Tingkuluak Tanduak Balapak
Tingkuluak Tanduak Balapak digunakan oleh wanita Minang, terutama mereka yang berasal dari daerah Batusangkar, Kabupaten Tanah Datar. Memiliki bentuk menyerupai gonjong atap rumah Gadang, pengantin yang mengenakan hiasan kepala ini dapat ditebak dengan mudah berasal dari daerah mana. Terutama oleh mereka yang paham bentuk-bentuk rumah adat.
Tingkuluak ini terbuat dari kain songket yang dibentuk seperti selendang panjang kemudian dikreasikan menyerupai tanduk kerbau, lancip di sisi kanan dan kiri. Setelah itu, ujung kiri selendang dilipat dengan cara dikelilingkan di bagian luar tanduk kanan dan kiri, sementara bagian ujung kanan kain, dikreasikan untuk menutupi rambut bagian atas kemudian dibiarkan terurai, jadilah tingkuluak yang bentuknya menyerupai gonjong. Hiasan kepala jenis ini sering digunakan untuk menunjukkan tingkat kebangsawanan seorang wanita.
Tingkuluak Balenggek
Biasa digunakan oleh pengantin dari daerah Lintau, Tanah Datar, Sumatera Barat, awalnya hiasan kepala jenis ini hanya boleh digunakan oleh kaum bangsawan. Bagi masyarakat umum yang ingin mengenakan tingkuluak ini harus terlebih dulu meminta izin atau membayar uang adat. Terdiri dari dua tingkat, pada tingkat pertama dibentuk terlebih dulu tingkuluak tanduak dari kain songket. Kemudian pada bagian atas, dipasang kayu ringan yang dililit dengan kain berhias ukiran atau ornamen berwarna keemasan. Sekarang ini sudah ada yang membuat tingkuluak bagian atas dengan kuningan berwarna keemasan, sehingga tinggal disusun di atas tingkuluak tanduak. Lebih praktis tentunya!
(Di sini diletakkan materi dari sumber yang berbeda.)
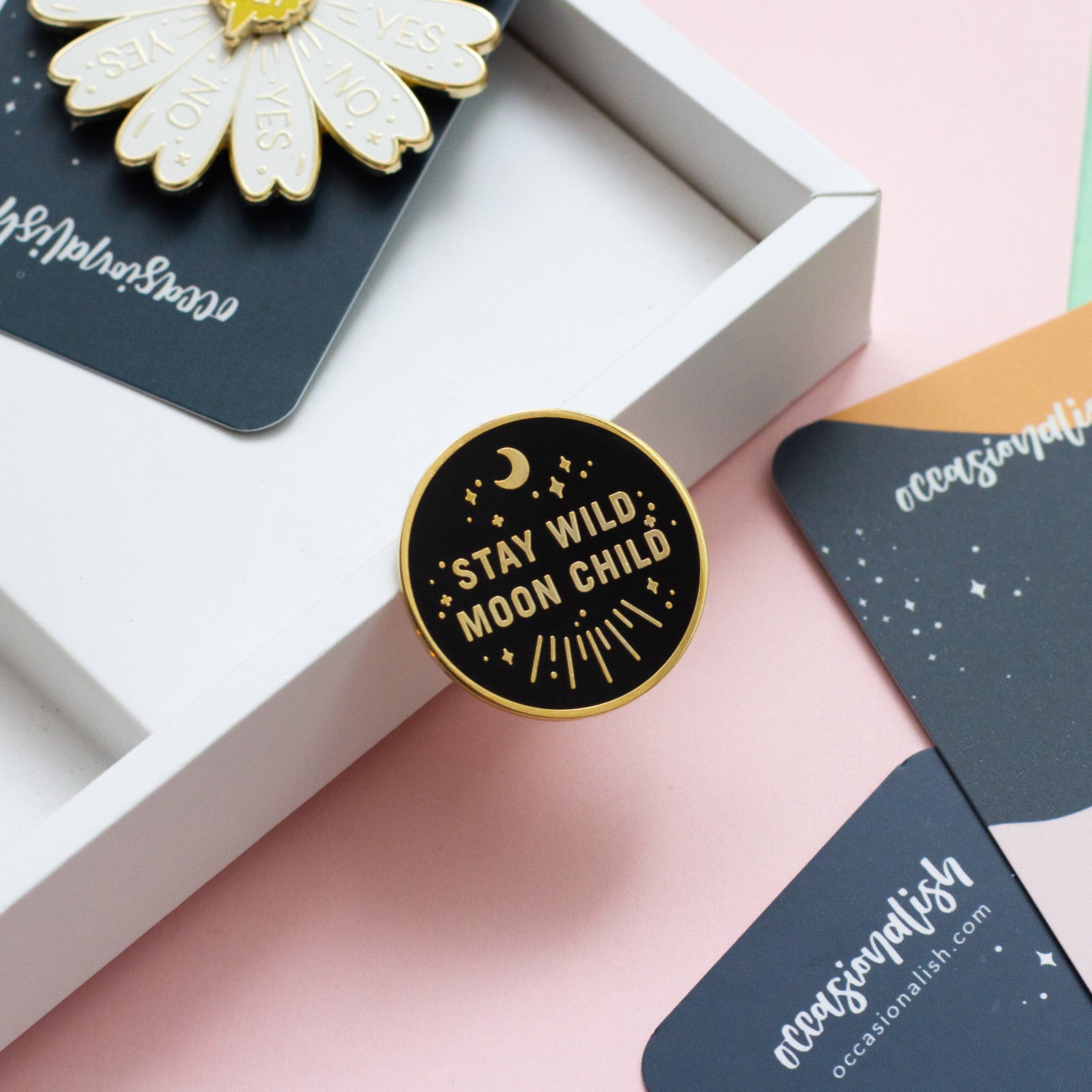 Stay Wild Moon Child enamel pin in black and gold with stars and moons design.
Tanduk kerbau merupakan salah satu ikon dalam budaya masyarakat Minang. Filosofi dari bentuk tanduk kerbau adalah untuk melambangkan kekuatan hati, gigih, tidak pernah putus asa, dan mempunyai kemauan yang tinggi dalam mencapai cita-cita yang baik. Bagian ujung dari bentuk tanduk kerbau ini dibuat agak tumpul untuk menggambarkan sifat ramah tamah, berani, dan tidak ingin melukai orang lain. Panjang tanduk kedua sisi harus sama dan seimbang karena dimaksudkan sebagai simbol bahwa hidup harus seimbang dan adil.